Once again, Israel’s elections reflected the dominant role the Israeli-Palestinian conflict plays in determining the direction of Israeli politics. Now, it appears likely that the conflict will also dictate the creation of a centrist coalition that might not resolve it, but at least will do it no harm

Yossi Alpher

It was pessimism over the prospects for a viable Israeli-Palestinian peace process, more than any other factor, that caused voters to abandon the political left and move to the center and right.

The causes for that pessimism are multiple:

• The failure of unilateral withdrawal, which in the eyes of too many voters produced aggression by Hezbollah and Hamas.

• The failure of Prime Minister Ehud Olmert and Finance Minister Tzipi Livni’s (and President George W. Bush’s) clumsy attempt at a renewed peace process throughout last year.

• The perceived failure (even though it is too early to judge) of the attempt by Olmert, Livni and Defense Minister Ehud Barak to solve Israel’s problems with Hamas in Gaza militarily.

• And the abject failure of the Palestinian polity, over the past 16 years, at state-building.

 

The rise of Yisrael Beiteinu’s Avigdor Lieberman, seen here at his home polling station in the settlement of Nokdim on Election Day, is a sign of Israel’s shift to the right. photo/jta/brian hendler

And yet, Livni’s dramatic success at vote-getting in these elections is also an affirmation of the two-state solution with which she is so closely identified. Livni fought heavy odds. A failed prime minister from her party refused to step aside in her favor when he could have helped her electorally.

 

The unimpressive Kadima list backing her up simply repulsed some voters. And sexist accusations regarding her lack of experience and security savvy appealed to Israelis’ overwhelming security concerns.

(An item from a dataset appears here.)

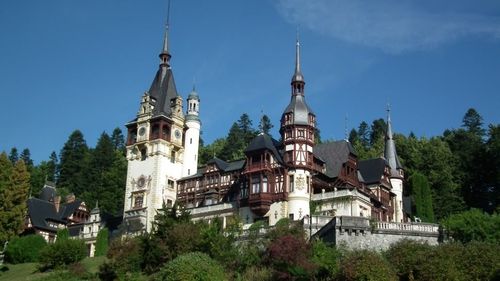Castelul Peleș se închide parțial pentru turiști din cauza unei avarii: nu există apă curentă, căldură și toalete funcționale / Se poate vizita doar expoziția de bază, de la parterul castelului / Castelul a fost promovat pe autobuze în Franța, Polonia și Italia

Yet in this election, Livni and centrist Kadima successfully embodied the best values of the disappearing political left regarding resolution of the conflict.

By the same token, Yisrael Beitenu Party leader Avigdor Lieberman — a highly problematic figure, to be sure — appears to have completely pre-empted the left’s values on issues of religion and state, which are now the concerns primarily of Israel’s Russian immigrant population.

Lieberman is best known for his racist attacks on the Arab citizens of Israel — whose rejection of Israel as a Jewish state played right into his hands. Yet he cannot be completely dismissed as a supporter of a two-state solution, even though he prefers a demographic to a geographic standard in delineating the borders.

Finally, there is Likud leader Benjamin Netanyahu. He came in a close second at the head of a party list populated by many politicians with views far to his right on the Palestinian issue.

And he heads a right-wing bloc that won a clear majority in last week’s elections but whose support for Netanyahu as prime minister would doom him to intense friction with the Obama administration, Israel’s moderate Arab neighbors, and the rest of the world over settlements and territory (again, over the Palestinian issue).

The dynamic of the coming weeks is likely to take the following form: Netanyahu will seek to prove that he can form a right-wing government of at least 61 members of Knesset in order to receive a mandate from President Shimon Peres. His challenge will be to avoid making quotable promises to the right-wing parties that could embarrass him later.

Livni will insist on rotation of the premiership; otherwise, she and Kadima will opt for the political opposition in the reasonable certainty that a far-right coalition will prove a constant embarrassment for Netanyahu and for Israel and will be short-lived.

Livni and Netanyahu, probably with Lieberman along for the ride, will almost certainly meet somewhere in between, if not immediately then after a few months of poisonous right-wing rule. The resultant coalition will engage in fairly effective conflict management with the Palestinians — certainly nothing worse than the outgoing Olmert-Livni-Barak government.

When pressured by Obama, and given Netanyahu’s preoccupation with Iran, the coalition could find a common language with Washington regarding the need for dramatic progress with Syria. This would strike a critical blow at Tehran’s designs for the Levant region, thereby ultimately strengthening moderate Palestinians in the bargain.

Syria-Israel negotiations would be ironic, considering that the question of negotiations with Damascus was barely an issue in these elections.

Yet stranger things have happened in Israel when the right is in power but the left (this time in the form of Kadima) retains its influence.

Yossi Alpher is coeditor of the bitterlemons.org family of Internet publications. He is former director of the Jaffee Center for Strategic Studies at Tel Aviv University.